The result of these efforts we can all enjoy today with chargeable light-weight batteries in our cellular phones, in our cameras, in our computers or in our cars. Thanks to these inventions, the world has taken a definitive step to being less dependent on fossil fuels, something most of us would agree is of the utmost importance.
Science is very much the discipline of trial and error. For example, I heard that during Professor Whittingham’s research on lithium batteries, his lab caught fire so many times the fire department was considering charging him for each emergency response they had to make.
This year’s laureates are not limited only to our world. Professor Didier Queloz and his colleagues have been awarded the Nobel Prize in physics after having discovered the planet “51 Pegasi b” some 50 lightyears beyond the constellation of Pegasus. This truly sounds like science-fiction, but in fact it is all science and no fiction. The fact that a planet of the size of Jupiter was so close to its own star contradicted all theories about how planets are created.
This even raises more existential questions about how little we still know about the universe and if there is life somewhere in outer space.

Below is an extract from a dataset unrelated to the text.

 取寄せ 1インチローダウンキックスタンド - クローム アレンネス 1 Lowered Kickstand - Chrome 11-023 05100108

Space is fascinating but without any doubt we also face many challenges here on mother earth. The struggle against poverty is definitely on of mankind’s most important tasks and the debate on what the best methods are has been going on for decades. Professor Esther Duflo, has proved that seemingly small things, which are sometimes easy to overlook, can have a great impact in pulling people out of poverty.
She and her colleagues have shown that poverty can be fought by using small steps. Their field studies suggest that small measures can make a big difference. For example, one reason numerous children in the third world couldn’t read or write in a satisfactory way was because they were often home sick. The solution? Handing out masking pills! That alone led to a significantly higher attendance in the schools and that more children learned how to write and read.
Ladies and gentlemen,
One crucial question we as politicians must ask ourselves is what is needed to achieve innovation and inventions. Is it only a coincidence when great inventions are being made?

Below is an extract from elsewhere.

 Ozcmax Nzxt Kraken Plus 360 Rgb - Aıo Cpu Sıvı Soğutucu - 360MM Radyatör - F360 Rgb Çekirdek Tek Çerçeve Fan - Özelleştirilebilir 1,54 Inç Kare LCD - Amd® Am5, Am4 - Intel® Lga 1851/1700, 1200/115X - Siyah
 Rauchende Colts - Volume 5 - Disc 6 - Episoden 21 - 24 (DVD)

This question is of course very complex and surely there are many different answers.
Let me just make one observation. The laureates that are here today come from France, Switzerland and the United Kingdom. What do these countries have in common? They are all democracies. The laureates have all had the possibility to think outside the box. They have worked in countries where academic freedom is protected. They have performed their research in an environment where failure along the way is regarded as something normal on the path to achieving greatness.
To me it is obvious that only democracies in the long run can produce large numbers of free-thinking scientists who can change our concept of the world and who are willing to challenge established theories.

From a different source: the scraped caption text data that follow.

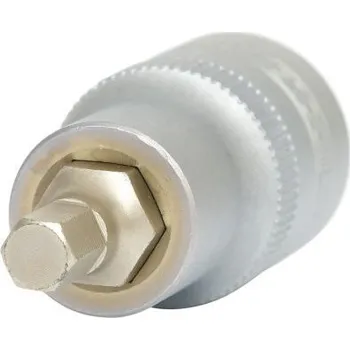 Gola hlavice KS Tools Nástrčný ořech s bitem 1/2",vnitřní šestihran, krátký, 6 mm 911.1306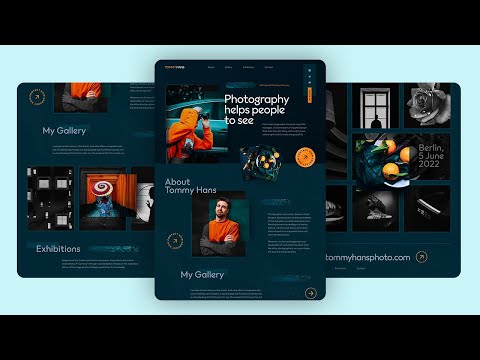 Create and Deploy a Responsive Photography Portfolio Website HTML CSS and JavaScript – Complete Tutorial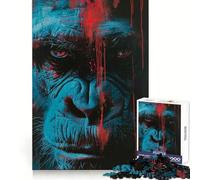 Puzzle da 1000 pezzi "Il Risveglio di Hanuman" per adulti e ragazzi, ideale per concentrazione mentale, divertimento tranquillo, taglio perfetto, regalo perfetto (50x75cm)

In Sweden we are now celebrating 100 years of democracy. The Swedish Parliament has embarked on four years of celebrations, from 2018, a hundred years after the first decision to introduce universal and equal suffrage was taken, to 2022, a century after the first five women entered Parliament.
During these 100 years, Sweden made the journey from one of the poorest countries in Europe to one of the wealthiest. Numerous Swedish inventions have been worldwide success stories. Today, Sweden is considered to be one of the most innovative countries in the world. I am quite convinced that freedom of expression, academic freedom, rule of law and other features of democracy have played crucial roles in that development.
With these words, let me once again welcome you all to this seminar and leave the floor to Ms Anna Sjöström Douagi, Vice President Programs and Science, at The Nobel Prize Museum.